Wealthy shoppers are splurging at Macy's. Low-income shoppers are pulling back at Walmart

Originally Published: 26 MAY 22 11:42 ET

By Nathaniel Meyersohn, CNN Business

(CNN) -- Decades-high inflation is leading to a split in American consumers' behavior.

Affluent shoppers are splurging on new outfits at Macy's, Nordstrom and other high-end outlets, while lower-income customers are pulling back on discretionary items, leading retailers say.

Macy's said Thursday that comparable sales at stores open for at least one year grew 12.4% during its latest quarter compared with the same stretch a year ago.

"While macroeconomic pressures on consumer spending increased during the quarter, our customers continued to shop," Macy's CEO Jeffrey Gennette said in a press release.

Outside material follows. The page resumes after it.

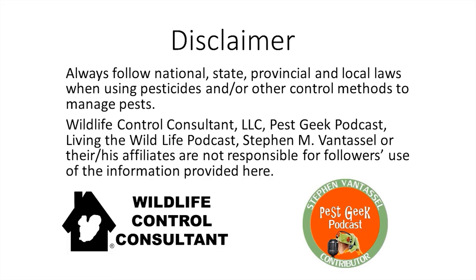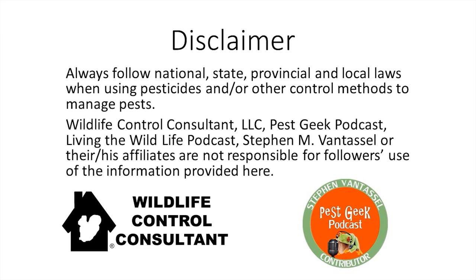This is the disclaimer for Wildlife Control Consultant and Pest Geek Podcast with Living the Wildlife Podcast. Always follow national, state, provincial, and local laws when using pesticides and other control methods to manage pests. Wildlife Control Consultant, LLC, Pest Geek Podcast, Living the Wildlife Podcast, Stephen M. Van Tassel, or their affiliates are not responsible for followers' use of the information provided here.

Macy's saw a "notable shift" in consumers buying clothes for special events and shopping in stores, Gennette said. Dresses, women's shoes, accessories and men's tailored clothing saw strong sales performance during the quarter.

"Luxury sales remained a standout for our business as shopping behavior among high-income consumers has so far remained less affected by inflation," he said on a call with analysts. "The customer that's under $75,000 of annual income — they were the most affected."

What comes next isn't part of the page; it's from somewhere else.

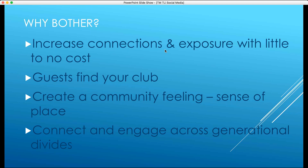Social media is a great way for guests to find your club because it's a crowded marketplace. In an average day, you're bombarded with around 30,000 advertisements, and we filter a lot of them out. So it's about differentiating yourself from all the noise. Social media also lets you talk to different generations.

Macy's raised its guidance for the year, pushing its stock up 12% in early trading Thursday.

Nordstrom on Tuesday also reported strong sales during its latest quarter and raised its full-year guidance. Nordstrom saw similar shopping trends as Macy's.

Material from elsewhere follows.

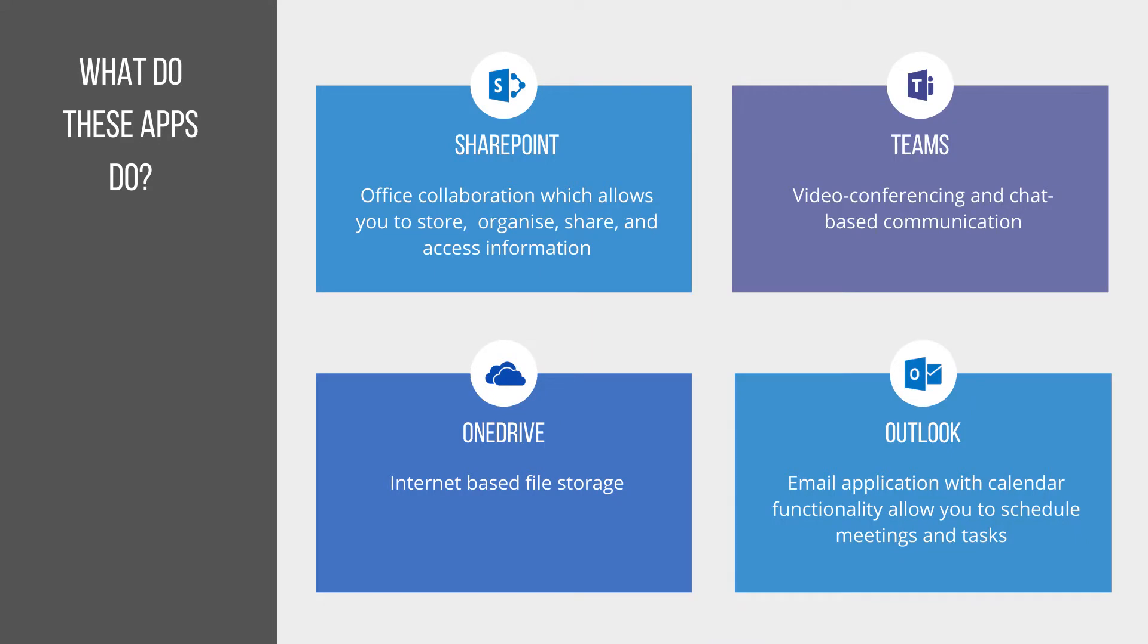Before we delve into the functionality of each individual application, let's take a high-level overview across all of them.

"Customers refreshed their wardrobes for occasions such as social events, travel and return to office," Nordstrom said. The department store sector has struggled in recent years, but Macy's and Nordstrom are benefiting from wealthier consumers making discretionary purchases.

Luxury goods and clothing brands have also capitalized on spending from higher-income shoppers.

"Our consumers are resilient. They're at the higher end of income demographics, and they've proven through Covid that their desire for the brand has increased," Ralph Lauren financial chief Jane Nielsen said this week.

But there is a split in shopping behavior that runs along economic lines, some companies say. Federal stimulus spending has ended, and inflation has grown at the fastest pace in decades, leading lower-income consumers to alter their buying patterns.

Companies say lower-income shoppers are slowing their spending on discretionary items, buying cheaper private-label brands and adding fewer items to their shopping carts.

"I think what we're seeing is a bit of a bifurcation. So we are seeing some customers who are trading up into those more premium brands," said Kohl's CEO Michelle Gass. "And then you also see though a lot of customers going to" private-label brands.

Walmart also said some consumers were switching from gallons of milk to half-gallons and to private-label grocery brands.

"Obviously, with higher fuel and food prices, discretionary spending for the lower-end customer is being squeezed," said Ross Stores chief operating officer Michael Hartshorn. "We saw customers... pull back on spending in the first quarter."